Metamorphosis ~ Transmogrification !!
bas-relief painting – synthetic polymer paint on baltic birch plywood
22″ x 60″
1997
This was a big success of an artwork for me 🙂 It sold out of Goldesberry Gallery in Houston in 1998 for $3200. The price tag was $4000 but the buyers asked if I would go down to $3200. I didn’t really want to drop it. But I hadn’t been selling much in the Goldesberry, but even with the 50/50 gallery split I would be netting more than a month’s take home from my safety coordinator job at TTU School of Arrrrt. Couldn’t tell them no!!
Yes, I’m spin-splaining this a tiny bit. I wanted to sell it but I had my usual conflicting emotions about the sale (about 38% level – so, not too bad for me). It always feels like I’m selling a car when the buyer wants to deal. I’m not quite financially independent from my art! YO! someday, someway…

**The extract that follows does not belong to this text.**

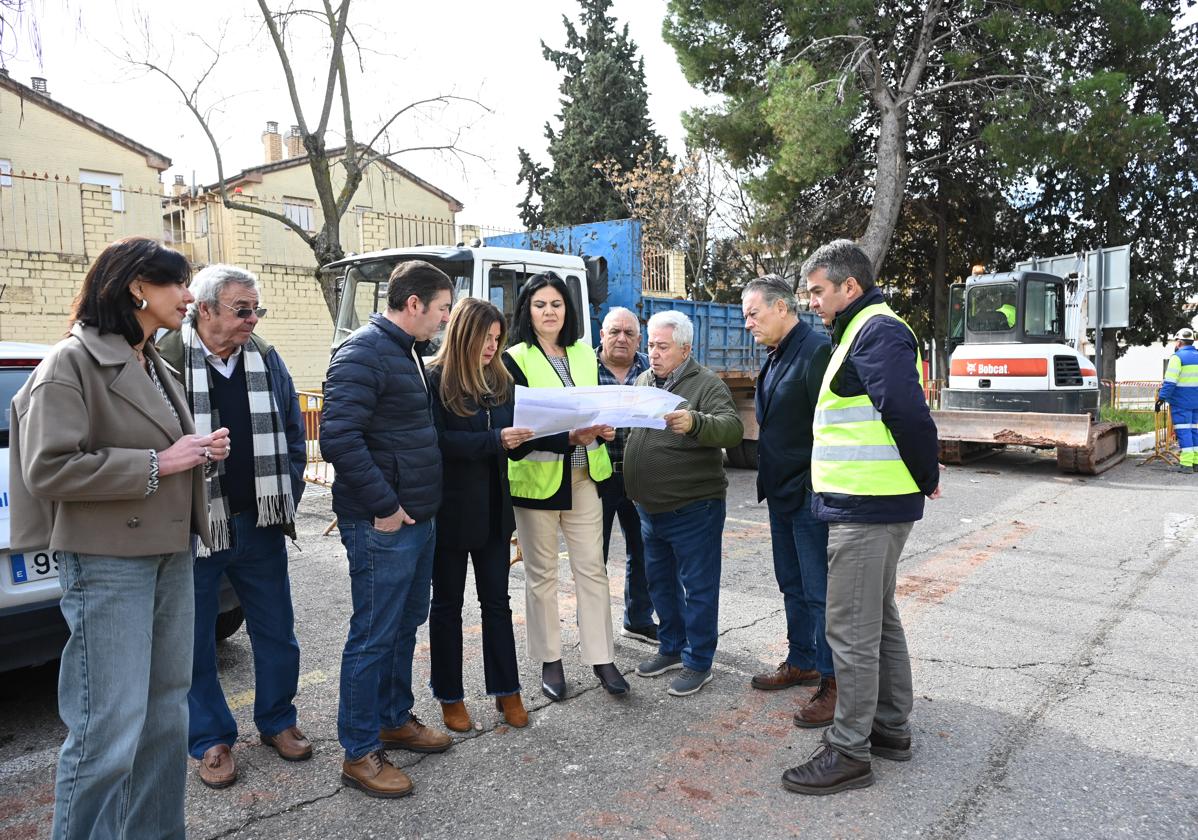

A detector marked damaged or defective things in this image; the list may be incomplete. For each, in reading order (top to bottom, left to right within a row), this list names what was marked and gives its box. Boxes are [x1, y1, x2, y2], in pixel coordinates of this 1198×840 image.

So… It was the last piece they ever sold for me at the Goldesberry, and soon after, I met Dawn & Chris Wolf-Taylor. They loved a big piece, “Ex-Nihilo et al” (I changed the name for them & other normal people to: “Creation Once Removed” and I made a deal with them to drive down to Houston to pick up all my art from Goldesberry and pay me some sick dough (see, when I use slang of today, it just doesn’t translate 😦 ) for the piece. It was a groovy deal (dead slang is also a no-go!) for me and them, too.
Still, Goldesberry did sell several pieces of my work during my tenure in their gallery. Unfortunately, I didn’t try too hard to cooperate, really. Oliver Goldesberry said I needed to make much smaller works which he could sell, but I just didn’t make any. Bummer! (I rate this a 8.9 on the slang-o-meter). Not too sure why I didn’t but I was feeling a lot of stress at my jobby job (You rate this one, dear reader :^)
That job stress was NOT helping too much. Menial work is good for some artists perhaps even l’il me. Menial is not a bad word for some creative people. My daddy dad dad did NOT understand where I was coming from. I remember him getting so upset that I was a janitor when I was “graduating from college,” he pounded the kitchen countertop during breakfast on morning so hard the silverware did a little dance of daddily F-rustration. Ho No! Golly Gee daddy dad. I certainly wasn’t the little adoptee sonny boy you had in mind… Â But that was all part of the Transmogrification of little Bobby. It can be a long haul when daddy mean bux thinks sonny boy is a little loser who needs sports and boy scroats shoved down his throat 24/7. Ok that’s more of my spin-splaining. Better grab onto something solid, like this here couch or the spinning might just keep on a spinnin.’
There now, Â getting back on the art horse – if you check out my website archive page #1 you’ll see several small wall sculptures. (And yes! “check out” was a worm hole direct flight to that page aka hyperlink!… ) Those little wall sculptures basically launched my art career in Houston about 10 years before I joined Goldesberry. And the Goldesberrys remembered me from when they worked at Kauffman Gallery. So they KNEW I could make it happen.
Well, it’s time to skip the coulda shoulda woulda paragraphs and move on to the reality of my artwork. So watch me take a flying hop, skip and jump… ha ha ho ho
This piece, Metamorphosis ~ Transmogrification !! is a rather characteristic “style” of mine for most of my life. I’ve often designed with heavy lines and solid, vibrant colors, starting with a landscapish design. From there I’m able to launch a painting far and away. But my process, that process, is a very good match for me, and, as they say, if it ain’t broke, don’t fix it.
Still I continue to experiment with various art jams ‘n jellies. I’ll spread them on with multifarious scrapers, brushes, squeegees, etc. And from this experimental “outlier” process IÂ do find a new tool and method. So it’s good for me to continue to experiment. And I can’t say that this “outlier” process is an outlier at all. It certainly is not.
The experimentation is a vital part of my art process. I just don’t include it into the direct painting process 24-7. More like 23-6.33 🙂  It’s always there, or just went out for a cuppa coffee (be right back!!) . …
Yes, I painted many a painting with practically one brush, a #8 sable round. If I can locate one of those brushes, I’ll take a photo. I’ve worn several down to a bare nubbin’ from brushing away the happy hours after hours.
Keep the tried and true. Experiment with the new. Works for me, and always has. This has created and sustained my Metamorphosis ~ Transmogrification !! art process through the years.